KEY POINTS:
In a week of financial apocalypse, tax-cut wrangling and election campaigning, only one news item has managed to occupy my attention entirely.
The story of the little boy who broke into the Alice Springs reptile centre to kill a swathe of animals and feed them to the zoo's resident croc was totally riveting.
That in itself is unsurprising - awful things usually are completely compelling. Reams have been written already about the pull of blood and gore. There's no surprise in being fascinated by acts of violence and wanton destruction. I'm confident that in asserting my own interest in unsavoury events, I'm merely underlining my membership in the human family.
There were a number of aspects to this story, however, that made for singularly diverting reading.
The carnage alone was impressive, firstly. Thirteen animals in all were slaughtered in the massacre, which claimed representatives from a number of lizard species including bearded dragons, thorny devils and a 20-year-old, much beloved Spencers goanna.
The extremely young age of the perpetrator was another noteworthy detail. Acts of depravity are never so hair-raising as when they are committed by children, as anyone who has ever shivered at the sight of little Damian Thorn on his tricycle or read Iain Banks' brilliant, brutal novel The Wasp Factory will attest.
The fact that this wholesale slaughter of captive animals was carried out by a 7- year-old will inevitably have alarm bells ringing all over. Acts of cruelty towards defenceless animals are by now well-publicised evidence of a disturbed personality and a signpost towards deepening pathologies further down the track.

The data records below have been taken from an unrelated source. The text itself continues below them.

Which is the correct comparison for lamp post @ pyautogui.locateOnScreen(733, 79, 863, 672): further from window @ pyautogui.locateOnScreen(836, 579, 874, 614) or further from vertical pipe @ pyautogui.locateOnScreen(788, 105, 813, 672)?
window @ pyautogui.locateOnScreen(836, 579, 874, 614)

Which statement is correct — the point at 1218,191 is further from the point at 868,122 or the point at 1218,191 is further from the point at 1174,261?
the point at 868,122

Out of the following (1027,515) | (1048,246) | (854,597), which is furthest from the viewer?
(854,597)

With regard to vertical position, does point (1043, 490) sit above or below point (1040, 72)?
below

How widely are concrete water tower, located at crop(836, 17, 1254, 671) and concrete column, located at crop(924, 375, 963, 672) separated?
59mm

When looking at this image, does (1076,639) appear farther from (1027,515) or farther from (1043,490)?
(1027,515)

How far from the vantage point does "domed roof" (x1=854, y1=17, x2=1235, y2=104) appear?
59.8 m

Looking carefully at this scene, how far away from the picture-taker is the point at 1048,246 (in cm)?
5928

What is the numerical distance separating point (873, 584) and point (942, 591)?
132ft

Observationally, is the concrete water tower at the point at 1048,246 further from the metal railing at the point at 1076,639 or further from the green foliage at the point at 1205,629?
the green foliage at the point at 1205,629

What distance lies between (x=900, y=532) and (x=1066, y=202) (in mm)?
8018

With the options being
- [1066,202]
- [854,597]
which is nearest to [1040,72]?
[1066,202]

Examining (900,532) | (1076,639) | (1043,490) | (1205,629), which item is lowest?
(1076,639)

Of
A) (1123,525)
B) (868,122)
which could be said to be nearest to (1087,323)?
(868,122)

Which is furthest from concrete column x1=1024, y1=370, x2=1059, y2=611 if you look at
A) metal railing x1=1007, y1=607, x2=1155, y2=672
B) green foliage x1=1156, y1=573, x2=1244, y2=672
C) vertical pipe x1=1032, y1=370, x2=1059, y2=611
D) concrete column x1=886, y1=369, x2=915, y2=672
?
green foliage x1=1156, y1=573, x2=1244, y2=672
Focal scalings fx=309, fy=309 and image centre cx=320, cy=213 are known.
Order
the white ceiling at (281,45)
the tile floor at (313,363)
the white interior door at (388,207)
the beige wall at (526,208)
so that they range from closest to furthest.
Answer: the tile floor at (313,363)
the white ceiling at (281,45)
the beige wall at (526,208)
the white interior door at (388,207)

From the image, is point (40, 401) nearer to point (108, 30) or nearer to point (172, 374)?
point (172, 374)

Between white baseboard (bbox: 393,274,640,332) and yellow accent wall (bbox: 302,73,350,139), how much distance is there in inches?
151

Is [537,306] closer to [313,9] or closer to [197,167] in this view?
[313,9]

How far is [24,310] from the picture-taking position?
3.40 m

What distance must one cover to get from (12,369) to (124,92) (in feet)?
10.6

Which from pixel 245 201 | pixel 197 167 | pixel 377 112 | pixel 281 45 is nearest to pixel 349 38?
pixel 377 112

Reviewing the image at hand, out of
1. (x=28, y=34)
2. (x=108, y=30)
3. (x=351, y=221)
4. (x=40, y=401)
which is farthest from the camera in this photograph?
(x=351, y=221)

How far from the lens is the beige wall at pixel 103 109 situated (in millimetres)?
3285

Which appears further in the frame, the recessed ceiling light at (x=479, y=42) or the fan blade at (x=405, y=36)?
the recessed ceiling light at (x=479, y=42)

The grainy security footage of a small boy clambering over barricades to fling the corpse of a lizard to a waiting crocodile is chilling for a number of reasons. There's the spooky half-light in which it was shot, the hulking form of the submerged croc, the splash as the poor dead animal hits the water and is snatched up in the salty's jaws.

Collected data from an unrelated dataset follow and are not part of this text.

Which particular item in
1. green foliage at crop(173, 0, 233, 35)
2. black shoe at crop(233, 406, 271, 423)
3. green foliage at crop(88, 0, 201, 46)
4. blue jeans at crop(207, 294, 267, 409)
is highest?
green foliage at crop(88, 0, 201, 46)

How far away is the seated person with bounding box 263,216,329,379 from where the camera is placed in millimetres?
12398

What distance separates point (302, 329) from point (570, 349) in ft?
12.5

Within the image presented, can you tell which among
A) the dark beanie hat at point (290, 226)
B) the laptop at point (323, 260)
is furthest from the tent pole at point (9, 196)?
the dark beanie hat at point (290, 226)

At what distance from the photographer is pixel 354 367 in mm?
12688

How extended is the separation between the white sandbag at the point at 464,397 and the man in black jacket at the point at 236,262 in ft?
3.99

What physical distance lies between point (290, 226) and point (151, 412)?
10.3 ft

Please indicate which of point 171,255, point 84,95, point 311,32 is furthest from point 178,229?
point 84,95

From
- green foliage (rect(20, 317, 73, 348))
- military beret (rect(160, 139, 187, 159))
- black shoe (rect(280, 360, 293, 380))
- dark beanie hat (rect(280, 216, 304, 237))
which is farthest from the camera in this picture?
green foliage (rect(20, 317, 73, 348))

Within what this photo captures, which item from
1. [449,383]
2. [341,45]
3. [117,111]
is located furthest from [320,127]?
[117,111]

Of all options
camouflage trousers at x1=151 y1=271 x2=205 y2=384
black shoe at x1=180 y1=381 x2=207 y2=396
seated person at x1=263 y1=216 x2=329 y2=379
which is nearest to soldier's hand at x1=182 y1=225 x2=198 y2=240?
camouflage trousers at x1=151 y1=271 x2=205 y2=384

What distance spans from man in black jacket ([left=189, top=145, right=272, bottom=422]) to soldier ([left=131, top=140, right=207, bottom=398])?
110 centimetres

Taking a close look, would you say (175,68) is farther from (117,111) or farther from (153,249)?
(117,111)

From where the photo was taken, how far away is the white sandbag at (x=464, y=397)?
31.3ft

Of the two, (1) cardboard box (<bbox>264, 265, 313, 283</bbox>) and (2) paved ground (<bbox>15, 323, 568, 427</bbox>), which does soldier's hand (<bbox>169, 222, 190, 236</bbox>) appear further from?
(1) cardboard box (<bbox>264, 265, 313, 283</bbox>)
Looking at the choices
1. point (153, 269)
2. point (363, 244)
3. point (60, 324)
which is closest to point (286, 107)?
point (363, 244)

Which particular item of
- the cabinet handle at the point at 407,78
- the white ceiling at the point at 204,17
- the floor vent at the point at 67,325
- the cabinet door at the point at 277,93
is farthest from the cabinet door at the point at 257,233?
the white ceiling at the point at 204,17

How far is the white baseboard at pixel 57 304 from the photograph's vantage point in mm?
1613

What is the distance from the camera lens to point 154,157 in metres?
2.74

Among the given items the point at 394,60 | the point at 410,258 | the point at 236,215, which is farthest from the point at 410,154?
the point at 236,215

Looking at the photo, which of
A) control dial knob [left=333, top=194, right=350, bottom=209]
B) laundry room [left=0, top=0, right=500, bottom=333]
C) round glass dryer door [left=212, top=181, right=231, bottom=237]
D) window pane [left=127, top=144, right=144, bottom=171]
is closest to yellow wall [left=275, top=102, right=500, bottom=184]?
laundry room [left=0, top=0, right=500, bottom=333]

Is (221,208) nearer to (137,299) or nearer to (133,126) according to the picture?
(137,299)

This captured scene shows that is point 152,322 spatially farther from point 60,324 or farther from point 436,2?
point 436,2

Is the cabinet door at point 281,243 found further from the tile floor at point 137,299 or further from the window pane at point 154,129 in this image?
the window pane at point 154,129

The boy's face is blurred out in the versions of the video I've watched, but zoo guards who saw the original have described the boy as having an entirely blank expression, which, if true, must surely be the most frightening part of all.
Newspapers from the Daily Mail to the Hindu told the same story. The killing spree, the feeding of "Terry" the 3.35m, 200kg saltwater croc, the zookeepers' horror and outrage at the ghastly spectacle that greeted them when they arrived the next morning.
"How could a boy do this?" cried the headline on Sydney's Daily Telegraph.
Well might one wonder. What stands out from this boy's killing spree is the calculated decision not only to bludgeon the lizards to death, but to feed the remains to the crocodile on site. The killing alone could perhaps be explained as a frenzy, a surrender to an uncontrollable instinct.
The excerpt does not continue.